Recently, thanks to my sister Coleen, I have completely fallen in love with a children’s book entitled I’ll Love You Till the Cows Come Home and the follow up, I’ll Love You Till the Crocodiles Smile. They are arguably two of the cutest and most clever children’s books I’ve ever read. And yes, I know how that sounds but you just have to trust me.
I started doing some research on that expression, “Till the cows come home,” and I found out it is an actual thing. The cows really do come home!
One of the oldest and most beautiful Alpine traditions in Austria, parts of Germany, and Switzerland is this: every spring, farmers take their cows high into the Alps to graze on mountain meadows all summer long.
In early fall, usually September or October, the cows “come home” to the villages before winter snow arrives.
And somehow… this practical farming task turned into an enormous cultural celebration.
The cows are often decorated with:
- giant flower crowns
- evergreen branches
- ribbons
- embroidered harnesses
- huge bells
According to Wikipedia, one special cow, often the lead cow, may wear an elaborate crown-like arrangement called a Kranzkuh (“wreath cow”). And in some traditions, the decorations include crosses or mirrors meant historically for protection and blessing.
If the summer passes without serious accidents or deaths for the herders or animals, the cows are decorated in celebration and gratitude.
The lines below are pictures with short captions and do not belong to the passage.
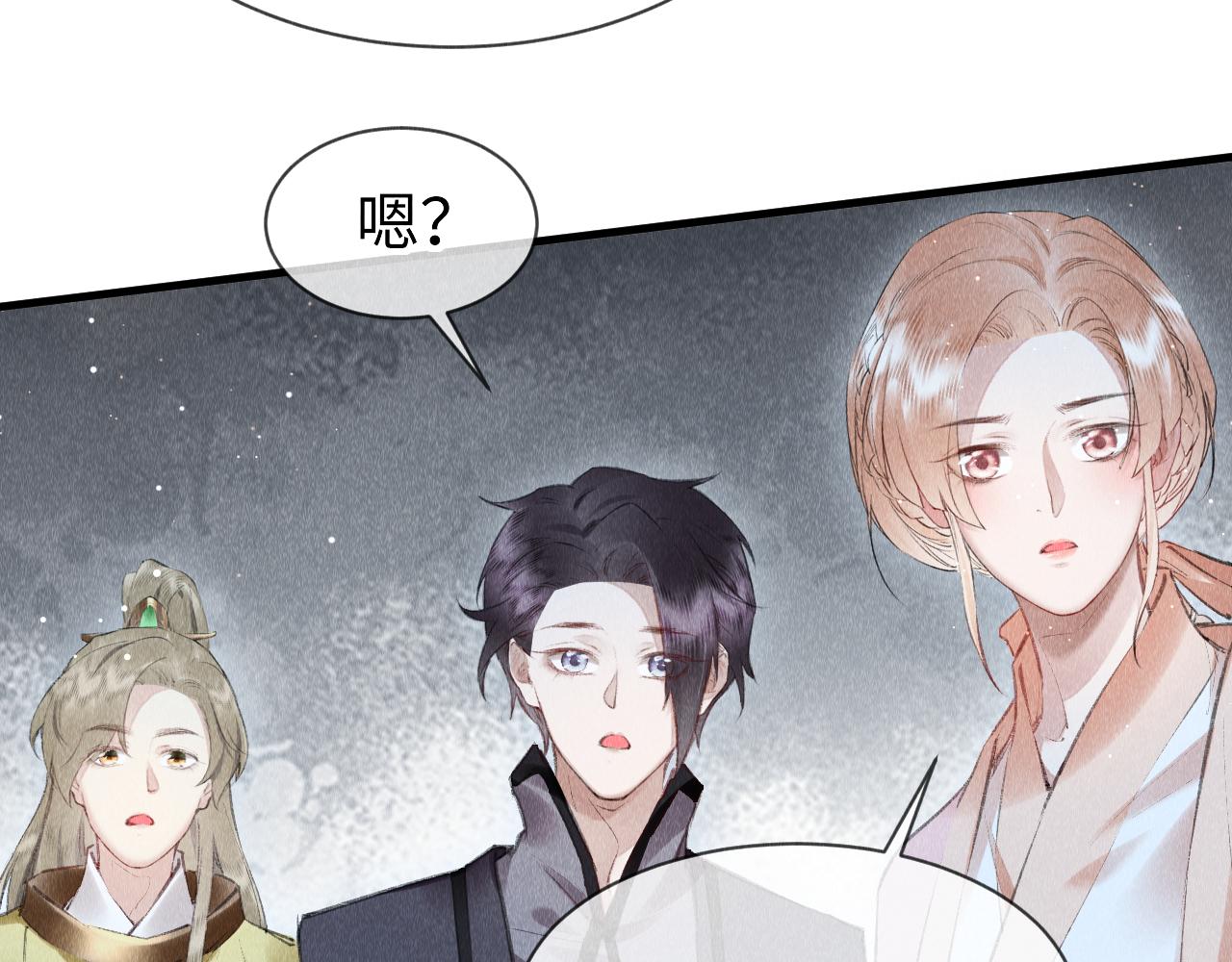 第40话：可以穿越？41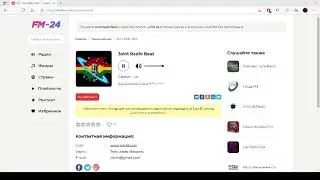 Joint Radio Beat &ndash; слушать онлайн бесплатно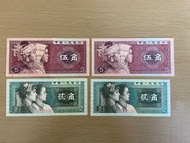 1980年人民幣1、2、5角共16張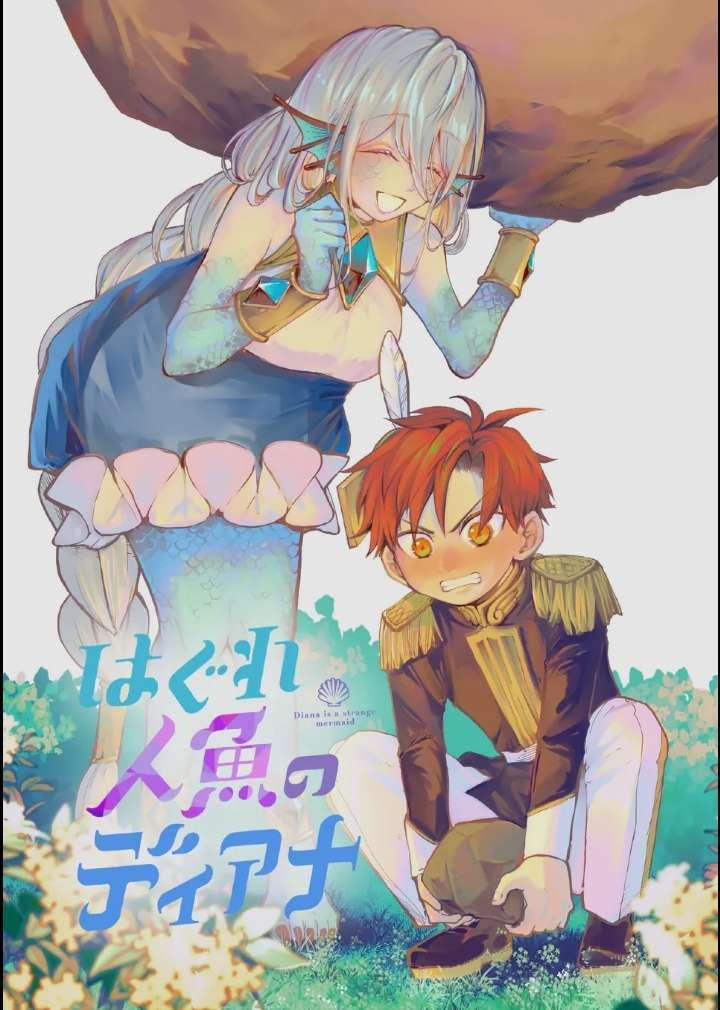 Diana Là Cô Người Cá Kì Lạ 4 trang 2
If there is a tragedy during the season, the cows often come down without decorations.
The bells are one of the most memorable parts. It is said that you hear them before you see the herd, the deep clanging echoing through the mountains and villages.
The whole thing becomes a village festival:
- traditional music
- folk dancing
- markets
- local cheese and bread
- beer and schnapps
- people in traditional clothing
- entire towns lining the streets
Underneath the wreaths and the flowers and celebration, though, there’s something deeper going on culturally.
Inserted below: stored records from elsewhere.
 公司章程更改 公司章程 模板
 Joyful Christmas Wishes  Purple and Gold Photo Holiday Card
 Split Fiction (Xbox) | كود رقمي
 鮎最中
These Alpine communities spent centuries depending on the mountains for survival. Summer grazing high in the Alps allowed villages to preserve valley farmland for winter hay and crops.
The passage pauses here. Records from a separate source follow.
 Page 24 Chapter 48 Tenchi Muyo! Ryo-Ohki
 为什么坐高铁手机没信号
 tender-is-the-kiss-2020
The movement of the animals literally shaped the Alpine landscape and economy for generations.
And the return of those animals became a beloved tradition.
Merriam-Webster defines “tradition” as an inherited, established, or customary pattern of thought, action, or behavior.
We need traditions because things that are steady, reliable, and always there often stop registering with the same emotional weight. Our brains acclimate to them and they just become routine.
Homework and packed lunches.
Rides to practice and permission slips.
Laundry and grocery lists.
Calendars and carpools.
Ordinary Tuesdays.
Work deadlines and unanswered emails.
Dinner plans and dishes.
Dance concerts and football games.
Bedtimes and alarm clocks.
Years quietly passing in the background of our everyday lives.
But traditions interrupt those things.
They create intentional pauses and attention around things that might otherwise blur into the background through repetition alone.
We humans seem to need rituals, holidays, anniversaries, reunions, graduations, birthday candles, church and community gatherings, and yes, Mother’s Day, partly because they help restore proportion to things we’ve adapted to.
They help us see familiar things with fresh eyes for a moment, before life speeds back up again.
So that Alpine “cows coming home” tradition carries relief and gratitude for the harvest. It carries seasonal transition and survival and community identity.
Misty mountains, spring air, old church bells, favorite foods, quaint villages.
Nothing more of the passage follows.